## Distributed Deep Learning with Ray Train

### 1. Run distributed DL in interactive mode

In [None]:
from azureml.core import Workspace, Experiment, Environment,ScriptRunConfig
from ray_on_aml.core import Ray_On_AML
import time
ws = Workspace.from_config()
ray_on_aml =Ray_On_AML(ws=ws, compute_cluster ="gpunc6",additional_pip_packages=['torch', 'torchvision==0.8.1'], maxnode=2,exp_name='distributed_dl')
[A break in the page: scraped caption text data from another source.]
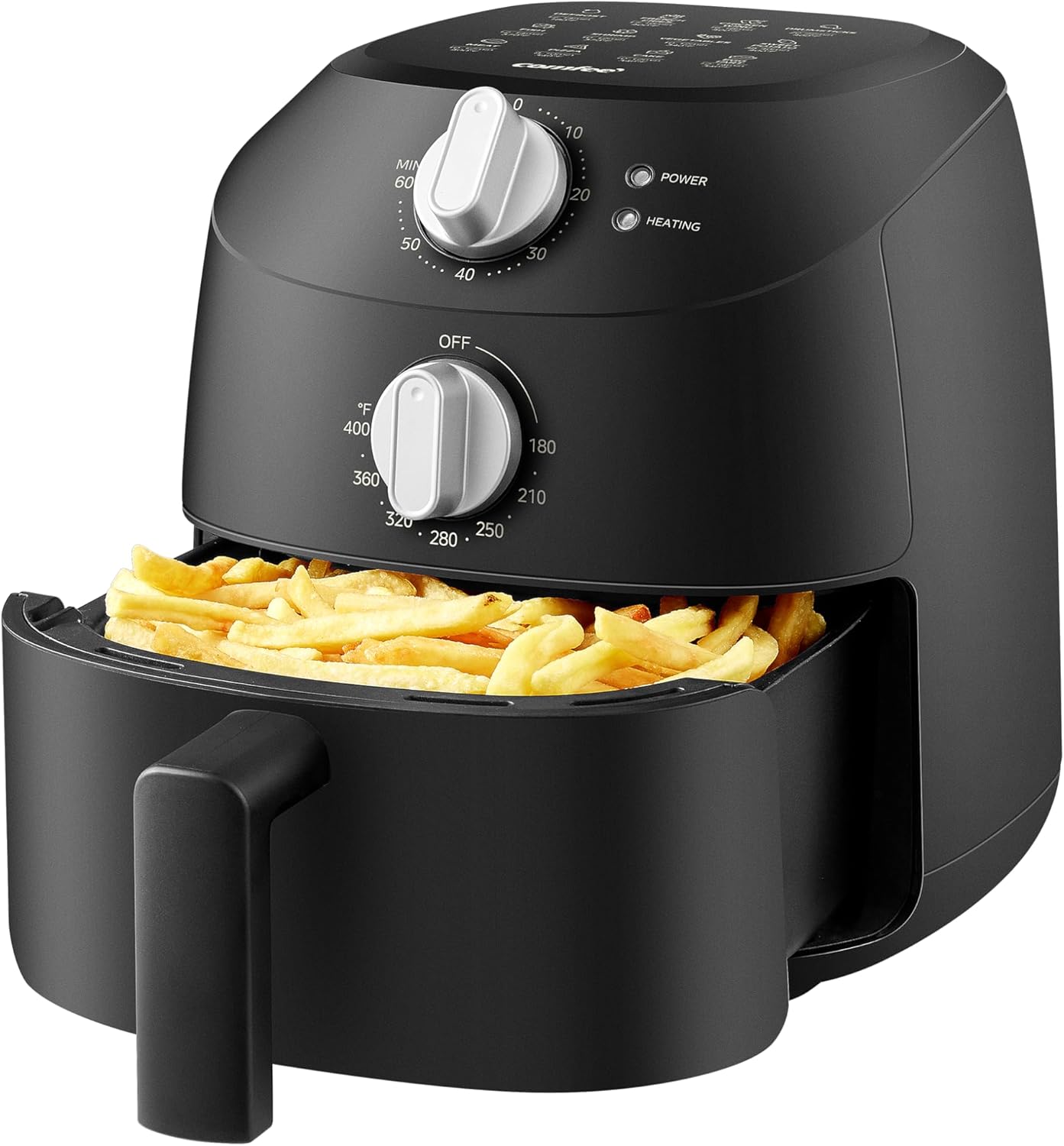 COMFEE' Compact 2.1 Quart Air Fryer with 12 Presets Menu Options, Adjustable Timer & Temperature Control 180-400 degrees F, Dishwasher-Safe Nonstick Fry Basket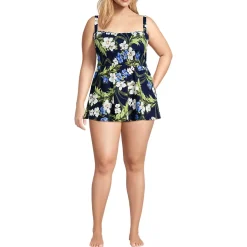 Womens Square Neck Smocked Mini Swim Dress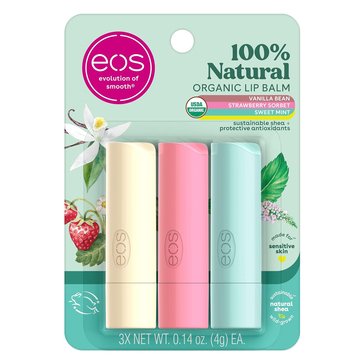 eos Vanilla Bean Strawberry Sorbet and Sweet Mint Natural Organic Lip Balm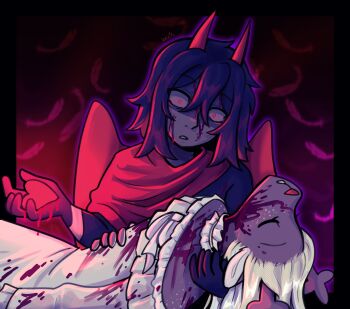 Rule 34 | 1girl, 1other, alien stage, alternate costume, alternate universe, antlers, black bodysuit, blonde hair, blood, blood on clothes, blood on face, bodysuit, borrowed design, cape, choker, closed eyes, colored skin, commentary, deer antlers, deer girl, deltarune, demon horns, dress, english commentary, feathers, frilled choker, frilled dress, frills, grey skin, heart, highres, holding, holding heart, horns, kris (deltarune), lenix tt, long hair, medium hair, noelle holiday, red cape, red horns, red pupils, side cape, soul (deltarune), utdr (toby fox), white choker, white dress, wide-eyed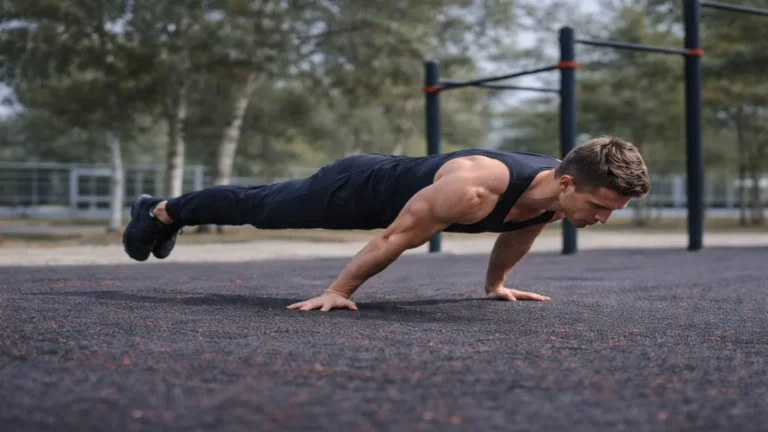 Athlète réalisant une full planche en callisthénie en extérieur, corps horizontal bras tendus en appui au sol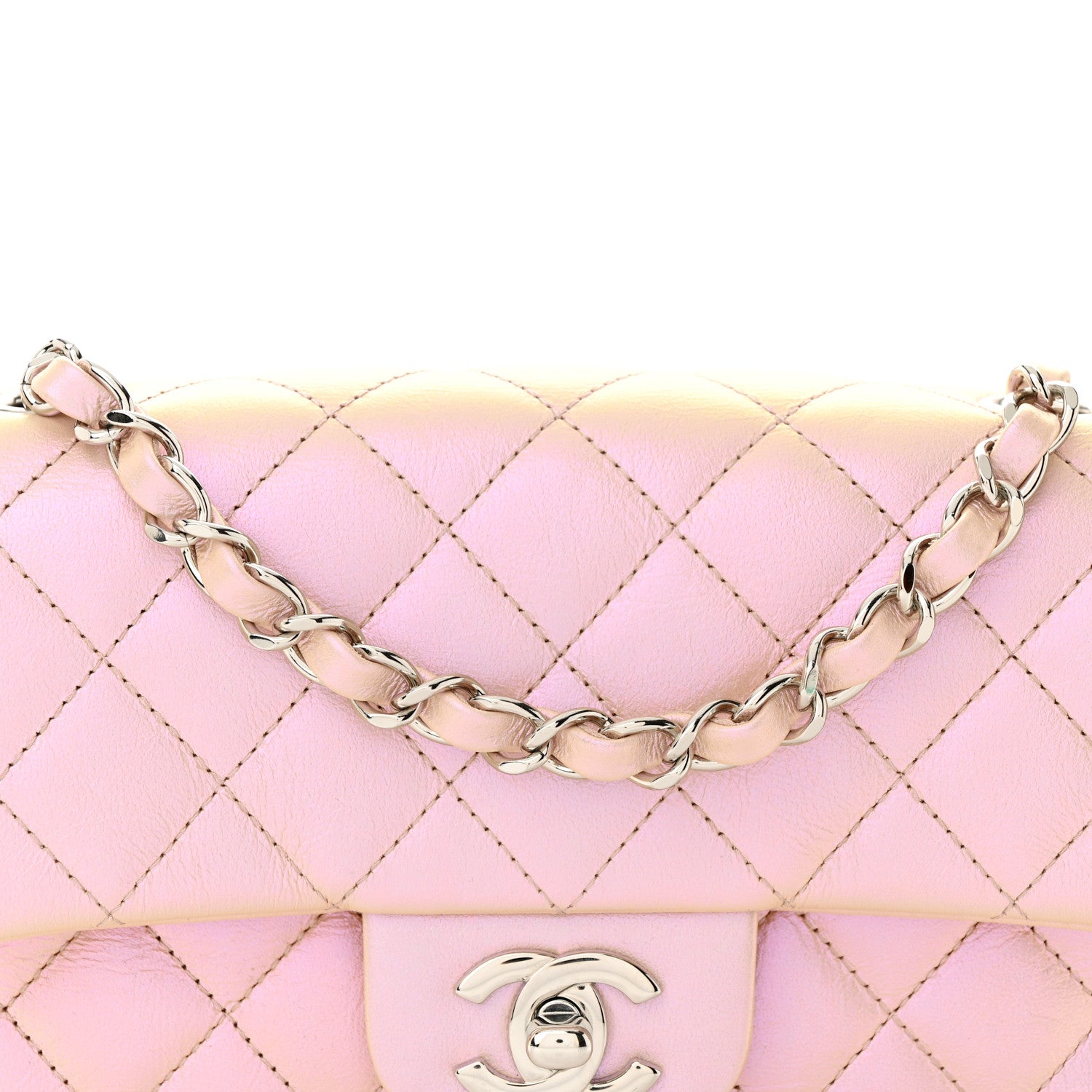 Chanel Iridescent Calfskin Quilted Mini Rectangular Flap Pink 8 of 10
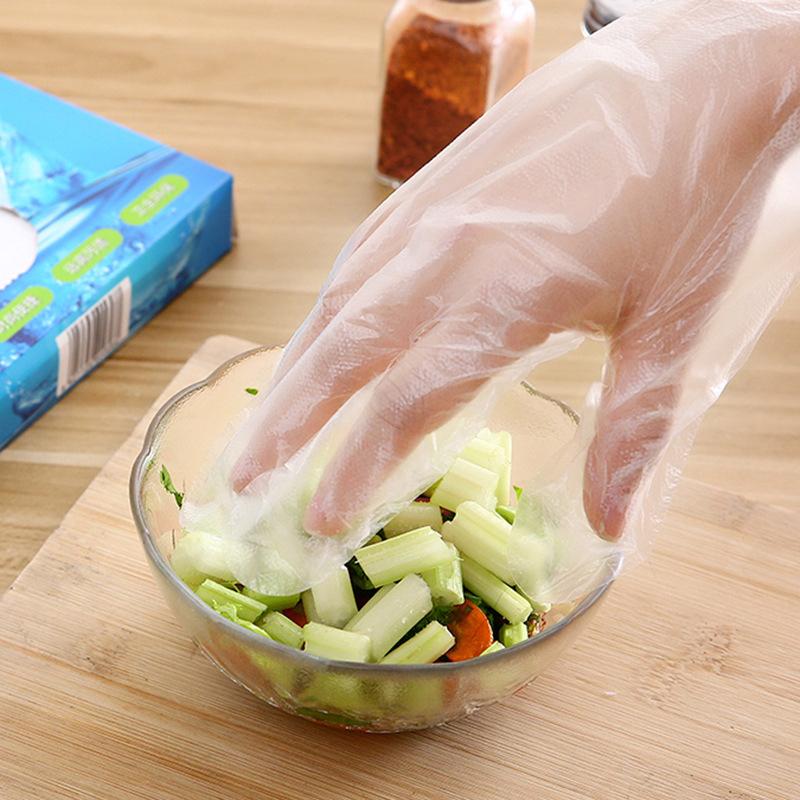Product Introduction of 100/200pcs Latex Free Gloves PE Disposable Gloves Transparent Non-Slip Acid Work Safety Food Grade Household Cleaning Gloves 20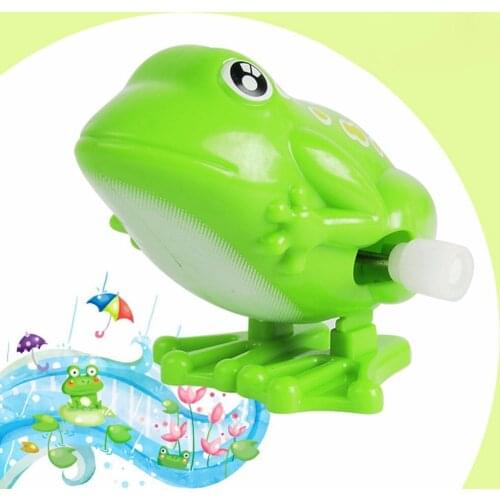 Baby Kids Toys Wind Up Clockwork Toy Mini Pull Back Jumping Frog Toys for Children Boys Green Wind Up Jumping Toy
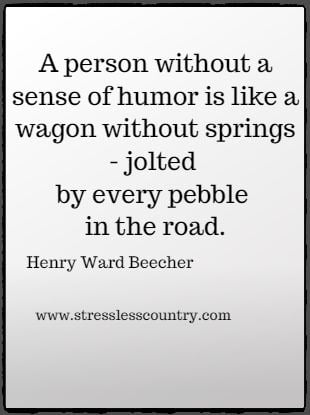 A person without a sense of humor is like a wagon without springs - jolted
by every pebble in the road. Henry Ward Beecher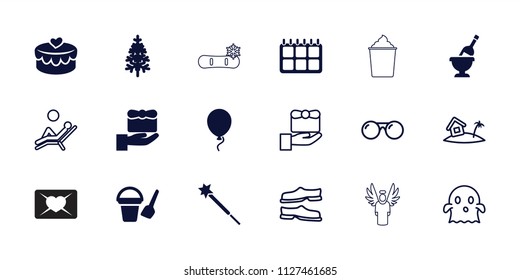 Holiday icon. collection of 18 holiday filled and outline icons such as bucket toy for beach, gift, pine-tree, heart lock, slippers. editable holiday icons for web and mobile.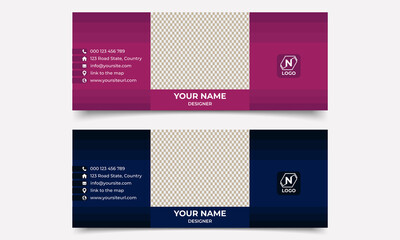 Email signature template. Business signature e-mail design or email footer.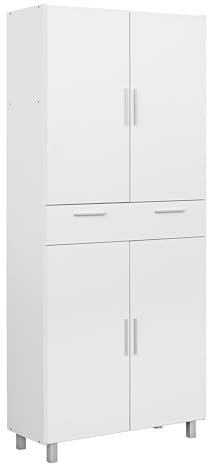 Buyqualia - Armario Auxiliar Multiusos - Blanco - 4 Puertas y 1 cajón - 188x81x35 cm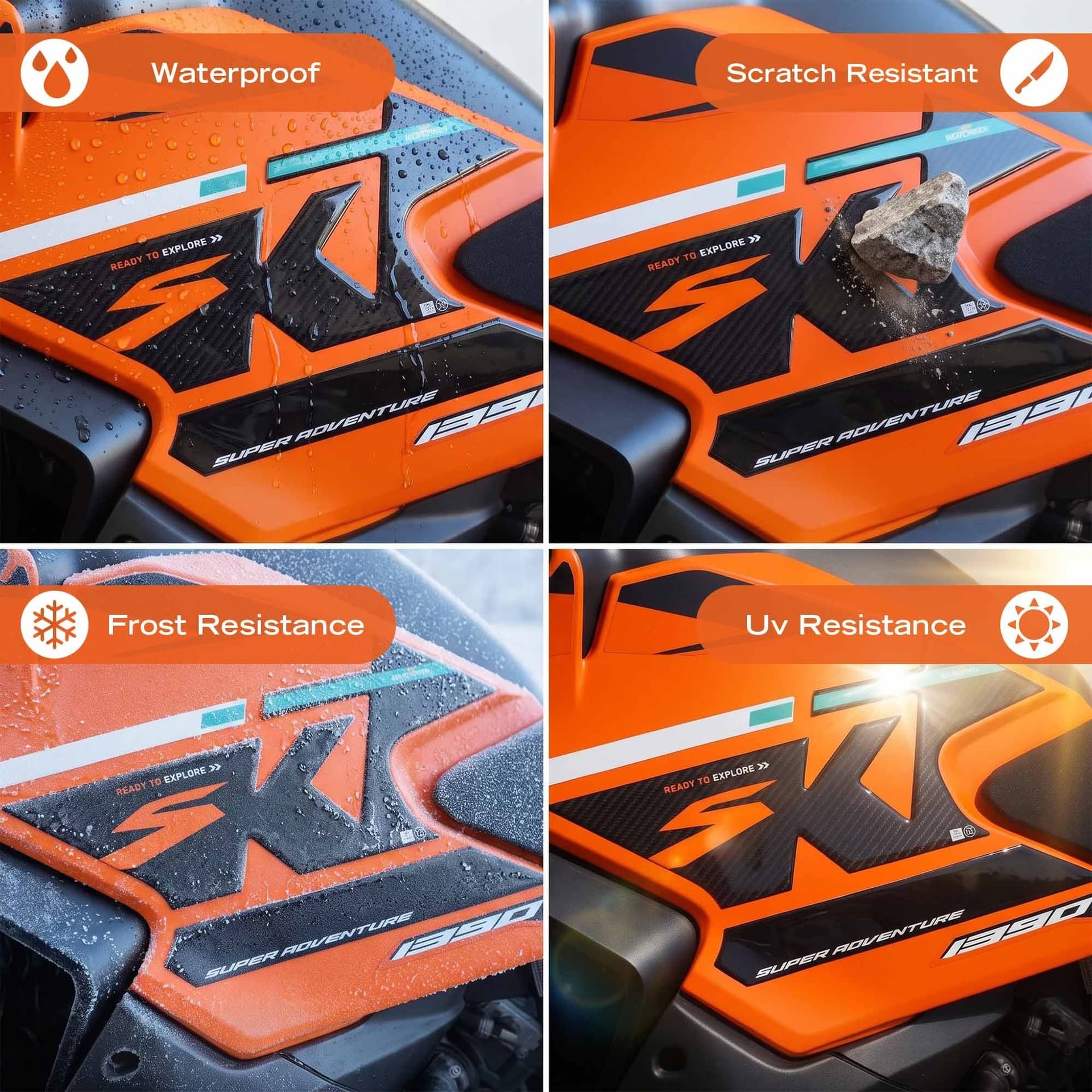 Adesivi 3D Laterali moto compatibile con KTM 1390 Super Adventure S 2026 - 11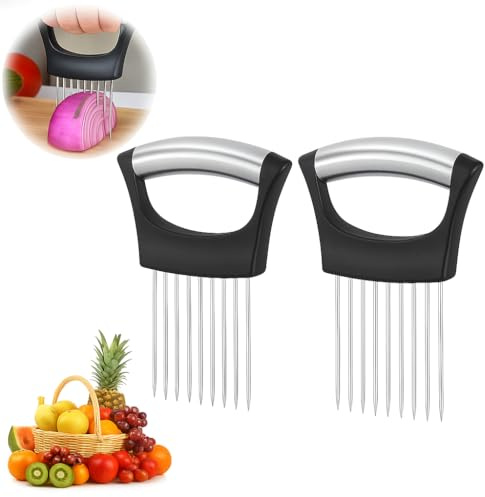 2pcs Stainless Steel Onion Holder, Onion Holder for Slicing, Stainless Steel Slicer Onion Cutter for Slicing, Vegetable and Meat Slicing Guide, Kitchen Cutting Aid for Onions, Tomatoes, Potatoes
ray = ray_on_aml.getRay(gpu_support=True)
# Note that by default, ci_is_head=True which means  compute instance as head node and all nodes in the remote compute cluster as workers 
# But if you want to use one of the nodes in the remote AML compute cluster is used as head node and the remaining are worker nodes.
# then simply specify ray = ray_on_aml.getRay(ci_is_head=False)
# To install additional library, use additional_pip_packages and additional_conda_packages parameters.
time.sleep(50)
ray.cluster_resources()

### Train Multi-GPU Distributed Pytorch

In [None]:

import ray.train.torch
from ray import train
from ray.train import Trainer

import torch
import torch.nn as nn
from torch.nn.modules.utils import consume_prefix_in_state_dict_if_present
from torch.optim import Adam
import numpy as np
from ray.train import Trainer, TrainingCallback
from typing import List, Dict

class PrintingCallback(TrainingCallback):
    def handle_result(self, results: List[Dict], **info):
#         print(results)
        print('hello')
def train_func(config):
    n = 100
    # create a toy dataset
    # data   : X - dim = (n, 4)
    # target : Y - dim = (n, 1)
    X = torch.Tensor(np.random.normal(0, 1, size=(n, 4)))
    Y = torch.Tensor(np.random.uniform(0, 1, size=(n, 1)))
    # toy neural network : 1-layer
    # wrap the model in DDP
    model = ray.train.torch.prepare_model(nn.Linear(4, 1))
    criterion = nn.MSELoss()

    optimizer = Adam(model.parameters(), lr=3e-4)
    for epoch in range(config["num_epochs"]):
        y = model.forward(X)
        # compute loss
        loss = criterion(y, Y)
        print("epoch ", epoch, " loss ", loss)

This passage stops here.